Local or Municipal Police - Policía Local (Call 092)
Recognised by their blue uniforms, the Local or Municipal police are a common sight and are attached to and recruited by the local town halls.
In some areas including Madrid and Valladolid, they are referred to as Municipal Police (Policía Municipal), whereas in Barcelona they are called ‘Guardia Urbana’. In the vast majority of cities and towns, they are called the Local police or 'Policía Local'.
You will usually find local police where the municipality has a population of more than 5,000 people.
There are currently around 70,000 local police officers throughout Spain serving the 17 autonomous communities.
Like all police officers in Spain, the local police are armed.
When not walking the beat, they will usually be found driving around in white and blue patrol cars.
Some of their main responsibilities include:-
The Local Police can also be considered guardians of the town and will protect local authorities and their official buildings.

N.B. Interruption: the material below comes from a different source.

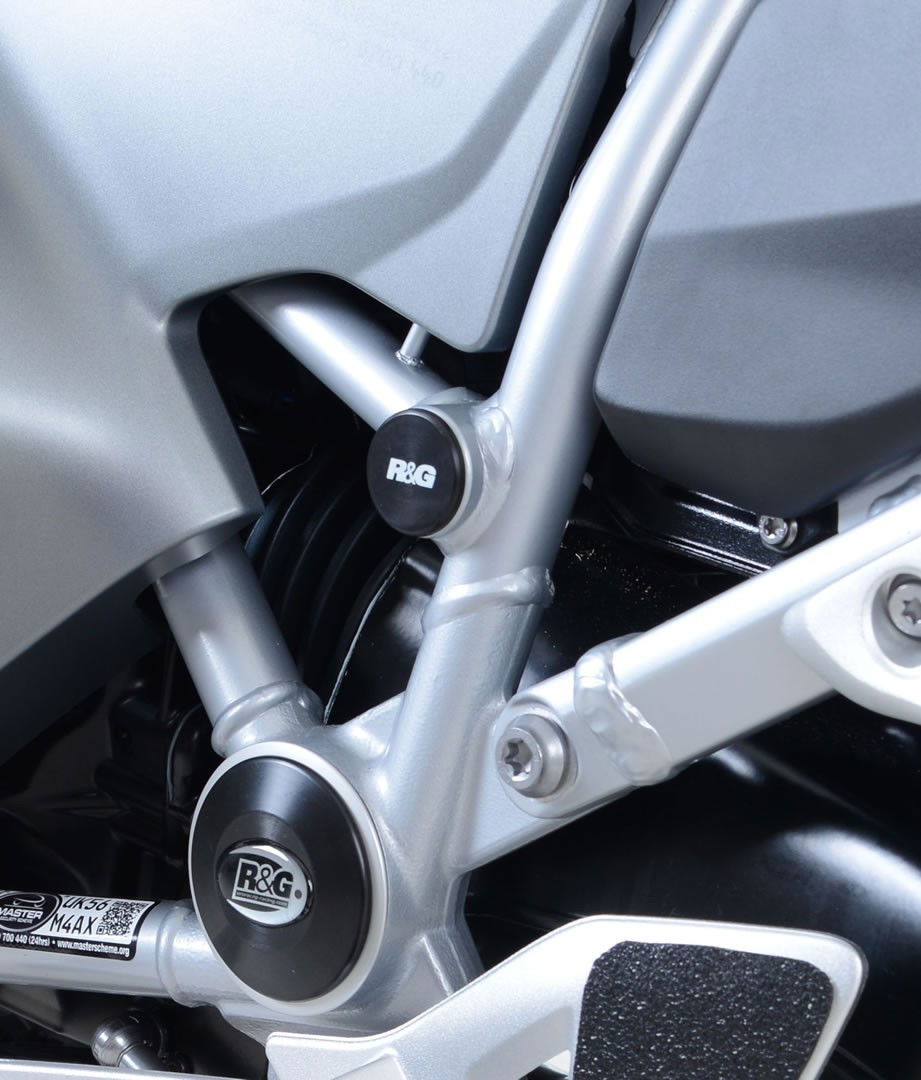 Inserto protezione telaio, SX BMW R1200RT '14- / R1250RT '19-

In resort areas, many of the local police officers will speak English.
If you need to report a minor crime (denuncia) such as theft, parking issues, traffic control or bylaw infringements, you can call the Local police on 092
National Police - Policía Nacional (Call 091)

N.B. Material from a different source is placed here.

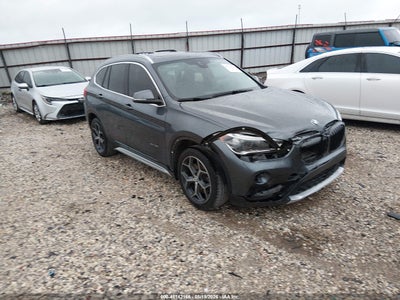 2018 BMW X1 XDRIVE28I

Spain’s national police (Policía Nacional) is an armed civil force that deals with more serious crimes.
Unlike the Local police which is connected to the town halls, the national police are managed by the Directorate General of Police and Civil Guard. This means that they are under the authority of the State Department of Security in the Ministry of the Interior.
As of 2020, there are over 87,000 Policía Nacional officers who operate in all the capital cities of Spain’s 50 provinces and others as designated by the national Government.

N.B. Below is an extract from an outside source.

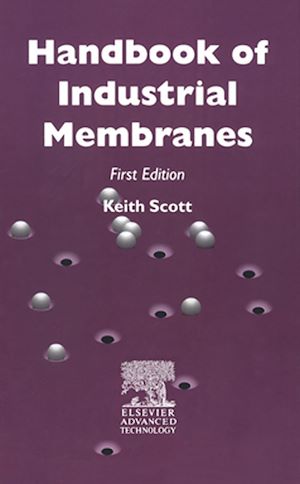 Download the eBook: Handbook of Industrial Membranes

They can be identified by their black uniforms and are normally stationed in larger towns and cities with a population of over 20,000.
The type of crimes they deal with includes sexual assaults, muggings, violent crime and drug offences as well as organised crime, border control and terrorism. They maintain and/or restore public order and security. This means they are often used when larger demonstrations take place.
National police officers in Spain can often be seen at road checkpoints where they can sometimes be heavily armed.
Three of the country’s autonomous communities have their own police forces that are overseen by their own regional governments. These are the Basque Country (Ertzaintza), Catalonia (Mossos d'Esquadra) and Navarre (Policía Foral).
The Civil Guard - Guardia Civil (Call 062)
Spain’s Civil Guard or Guardia Civil is the country’s oldest law enforcement agency which comes under the Directorate General of Police and Civil Guard and under the authority of the State Department of Security in the Ministry of the Interior.
Guardia Civil officers wear a distinctive dark-green uniform and are responsible for patrolling Spain's highways and rural areas (excluding the Basque Country, Catalonia and Navarre) as well as security and border patrol.
You can often see them in pairs riding motorcycles attending serious traffic accidents and security checkpoints.
Founded in 1844, the Guardia Civil is military by nature, which means that officers are usually found in barracks or ‘Casas Cuartel’ rather than in police stations like Spain’s other law enforcement agents.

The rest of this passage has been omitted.